[Opening Supplied information section]
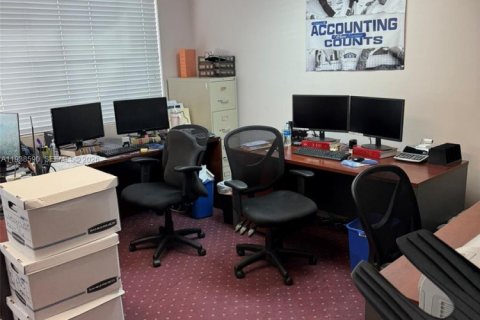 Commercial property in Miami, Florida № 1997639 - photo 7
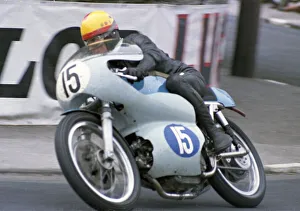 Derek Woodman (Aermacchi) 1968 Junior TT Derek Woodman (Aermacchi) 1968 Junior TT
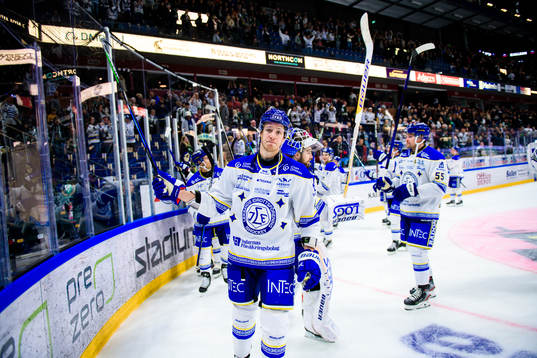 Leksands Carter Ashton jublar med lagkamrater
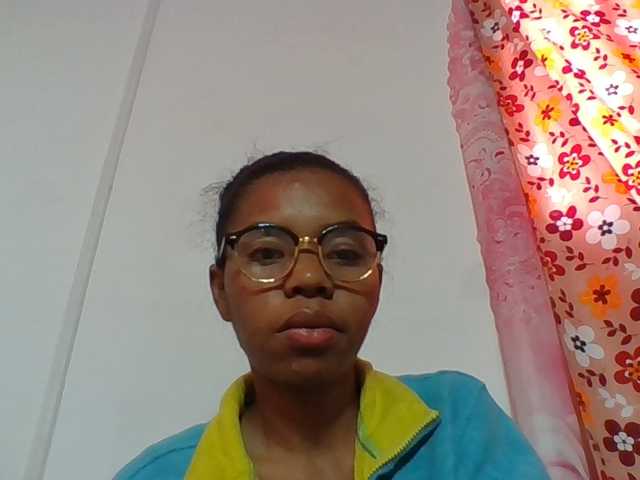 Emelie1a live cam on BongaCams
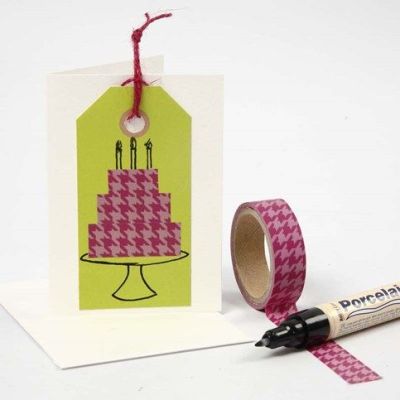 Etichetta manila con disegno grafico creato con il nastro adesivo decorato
[Closing Supplied information section]
• _Task requirements_:
The reply should reproduce every entry above word for word and contain no pictures.

• _Answer section_:
 Commercial property in Miami, Florida № 1997639 - photo 7
 Derek Woodman (Aermacchi) 1968 Junior TT Derek Woodman (Aermacchi) 1968 Junior TT
 Leksands Carter Ashton jublar med lagkamrater
 Emelie1a live cam on BongaCams
 Etichetta manila con disegno grafico creato con il nastro adesivo decorato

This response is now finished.